The following unaudited pro forma condensed combined financial information and related notes have been derived from and should be read in conjunction with (i) the historical consolidated financial statements of Perrigo and the related notes included in Perrigo’s Annual Report on Form 10-K for the year ended December 31, 2021 which was filed with the Securities and Exchange Commission (the “SEC”) on March 1, 2022, and (ii) the audited consolidated financial statements of Héra and the related notes as of and for the year ended December 31, 2021 included in this Current Report on Form 8-K. The Holding Entities have no material assets or results of operations; therefore, the Holding Entities’ historical financial information is not included in the unaudited pro forma condensed combined financial information.
The unaudited pro forma condensed combined balance sheet as of December 31, 2021 gives effect to the Pro Forma Transactions as if they occurred or had become effective on December 31, 2021. The unaudited pro forma condensed combined statement of operations for the fiscal year ended December 31, 2021 gives effect to the Pro Forma Transactions as if they occurred or had become effective on January 1, 2021. Further information about this basis of presentation is provided in Note 1.
The unaudited pro forma condensed combined financial information and related notes are being provided for illustrative purposes only and do not purport to represent what the Company’s actual results of operations or financial position would have been had the Pro Forma Transactions been completed on the dates indicated, nor are they necessarily indicative of the Company’s future results of operations or financial position as of any future date or for any future period. Future results may vary significantly from the results reflected due to various factors, including those discussed in Part I, Item 1A “Risk Factors” of the Company’s Annual Report on Form 10-K for the fiscal year ended December 31, 2021.
The pro forma adjustments are based upon available information and certain assumptions as described in the accompanying notes to the unaudited pro forma condensed combined financial information which management believes are reasonable under the circumstances. Actual results are likely to differ from these assumptions and these differences may be material. In addition, the unaudited pro forma combined financial information does not reflect any expected cost savings, operating synergies or revenue enhancements that the combined entity may achieve as a result of the Proposed Acquisition or the costs necessary to achieve any such cost savings, operating synergies or revenue enhancements. However, there can be no assurance that any of the expected cost savings, operating synergies or revenue enhancements, or other benefits of the Proposed Acquisition expected by management, will be achieved.
The unaudited pro forma condensed combined financial information has been prepared by us using the acquisition method of accounting in accordance with GAAP. Perrigo has been treated as the acquirer in the Proposed Acquisition for accounting purposes.
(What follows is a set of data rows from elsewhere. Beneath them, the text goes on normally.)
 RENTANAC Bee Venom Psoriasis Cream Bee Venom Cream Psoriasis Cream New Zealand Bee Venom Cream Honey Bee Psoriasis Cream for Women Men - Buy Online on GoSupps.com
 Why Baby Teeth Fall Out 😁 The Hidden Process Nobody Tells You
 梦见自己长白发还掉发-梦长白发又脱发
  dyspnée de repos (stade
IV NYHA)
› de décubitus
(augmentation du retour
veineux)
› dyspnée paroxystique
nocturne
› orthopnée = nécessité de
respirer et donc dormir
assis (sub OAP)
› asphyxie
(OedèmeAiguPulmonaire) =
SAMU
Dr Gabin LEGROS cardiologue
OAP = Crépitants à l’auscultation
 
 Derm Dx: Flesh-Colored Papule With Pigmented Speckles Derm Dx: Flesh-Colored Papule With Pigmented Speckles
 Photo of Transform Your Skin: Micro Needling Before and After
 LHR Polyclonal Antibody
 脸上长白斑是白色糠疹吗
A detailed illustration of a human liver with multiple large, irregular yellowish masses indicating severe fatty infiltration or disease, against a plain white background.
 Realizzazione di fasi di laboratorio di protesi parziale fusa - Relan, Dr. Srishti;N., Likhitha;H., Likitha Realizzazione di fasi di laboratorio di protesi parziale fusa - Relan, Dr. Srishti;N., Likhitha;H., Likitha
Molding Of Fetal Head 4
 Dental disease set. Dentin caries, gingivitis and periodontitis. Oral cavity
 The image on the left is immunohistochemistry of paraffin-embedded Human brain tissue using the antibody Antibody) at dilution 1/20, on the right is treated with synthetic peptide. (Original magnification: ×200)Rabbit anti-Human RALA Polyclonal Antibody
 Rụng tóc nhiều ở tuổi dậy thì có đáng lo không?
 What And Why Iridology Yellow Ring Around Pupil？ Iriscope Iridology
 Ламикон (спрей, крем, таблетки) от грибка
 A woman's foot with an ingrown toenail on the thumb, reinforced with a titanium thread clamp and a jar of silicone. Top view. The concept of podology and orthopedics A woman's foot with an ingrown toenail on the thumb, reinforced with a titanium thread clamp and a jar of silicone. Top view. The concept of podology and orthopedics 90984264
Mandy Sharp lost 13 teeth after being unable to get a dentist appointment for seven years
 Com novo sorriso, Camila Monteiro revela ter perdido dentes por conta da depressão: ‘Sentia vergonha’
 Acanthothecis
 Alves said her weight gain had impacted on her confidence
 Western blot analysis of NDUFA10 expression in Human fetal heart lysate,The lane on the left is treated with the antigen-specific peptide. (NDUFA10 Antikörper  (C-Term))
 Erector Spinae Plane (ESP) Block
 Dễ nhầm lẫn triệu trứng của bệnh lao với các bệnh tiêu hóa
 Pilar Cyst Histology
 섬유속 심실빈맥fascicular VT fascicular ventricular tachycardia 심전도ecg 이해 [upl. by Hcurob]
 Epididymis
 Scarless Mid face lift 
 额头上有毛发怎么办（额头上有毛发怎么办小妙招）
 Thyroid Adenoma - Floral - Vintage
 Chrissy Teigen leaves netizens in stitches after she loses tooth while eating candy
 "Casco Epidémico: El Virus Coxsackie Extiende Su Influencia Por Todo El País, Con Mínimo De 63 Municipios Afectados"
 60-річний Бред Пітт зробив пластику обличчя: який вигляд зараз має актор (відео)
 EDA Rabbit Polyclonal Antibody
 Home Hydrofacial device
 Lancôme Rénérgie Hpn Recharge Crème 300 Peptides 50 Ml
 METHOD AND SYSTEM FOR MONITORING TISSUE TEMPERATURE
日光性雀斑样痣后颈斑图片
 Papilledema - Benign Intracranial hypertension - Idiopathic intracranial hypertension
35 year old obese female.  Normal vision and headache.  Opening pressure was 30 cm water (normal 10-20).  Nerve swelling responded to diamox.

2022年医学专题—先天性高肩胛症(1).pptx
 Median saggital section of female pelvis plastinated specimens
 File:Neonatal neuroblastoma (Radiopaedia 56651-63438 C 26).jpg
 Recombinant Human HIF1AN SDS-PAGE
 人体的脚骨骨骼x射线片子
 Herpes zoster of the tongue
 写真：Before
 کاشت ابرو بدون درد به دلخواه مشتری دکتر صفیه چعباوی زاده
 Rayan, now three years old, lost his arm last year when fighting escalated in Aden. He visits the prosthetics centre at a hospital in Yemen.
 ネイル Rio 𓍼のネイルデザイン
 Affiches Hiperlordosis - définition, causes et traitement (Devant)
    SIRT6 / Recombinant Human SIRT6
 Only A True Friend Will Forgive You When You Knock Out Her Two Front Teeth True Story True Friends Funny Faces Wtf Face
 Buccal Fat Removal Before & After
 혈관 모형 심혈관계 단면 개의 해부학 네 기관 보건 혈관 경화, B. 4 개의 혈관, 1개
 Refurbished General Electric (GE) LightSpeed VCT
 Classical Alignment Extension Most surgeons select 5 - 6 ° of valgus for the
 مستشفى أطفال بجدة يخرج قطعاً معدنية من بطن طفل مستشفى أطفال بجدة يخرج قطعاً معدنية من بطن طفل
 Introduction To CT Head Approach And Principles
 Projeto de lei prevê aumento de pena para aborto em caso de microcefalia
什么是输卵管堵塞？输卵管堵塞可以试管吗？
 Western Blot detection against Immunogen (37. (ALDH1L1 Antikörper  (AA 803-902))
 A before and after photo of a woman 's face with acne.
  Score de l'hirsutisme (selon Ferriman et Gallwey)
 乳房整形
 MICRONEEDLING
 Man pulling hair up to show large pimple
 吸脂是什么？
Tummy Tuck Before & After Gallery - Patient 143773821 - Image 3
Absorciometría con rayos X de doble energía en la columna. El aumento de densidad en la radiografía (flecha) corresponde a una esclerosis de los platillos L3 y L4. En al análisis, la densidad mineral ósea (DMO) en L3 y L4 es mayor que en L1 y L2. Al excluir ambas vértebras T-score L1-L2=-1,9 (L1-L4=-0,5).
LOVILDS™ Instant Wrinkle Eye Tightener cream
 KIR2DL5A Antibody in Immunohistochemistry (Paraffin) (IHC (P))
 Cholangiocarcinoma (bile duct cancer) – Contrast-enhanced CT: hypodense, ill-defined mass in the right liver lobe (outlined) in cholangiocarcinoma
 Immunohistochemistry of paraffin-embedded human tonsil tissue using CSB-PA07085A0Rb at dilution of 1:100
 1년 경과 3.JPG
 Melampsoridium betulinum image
Management believes the fair values recognized for the assets acquired and liabilities assumed are based on reasonable estimates and assumptions. Definitive allocations will be performed and finalized by the Company, where necessary with the services of outside valuation specialists. Accordingly, the purchase price allocation and amortization adjustments reflected in the unaudited pro forma condensed combined financial information are preliminary and subject to revision based on a final determination of fair value. Management expects to finalize accounting for the business combination as soon as practicable after closing of the Proposed Acquisition, but in no event later than one year from closing.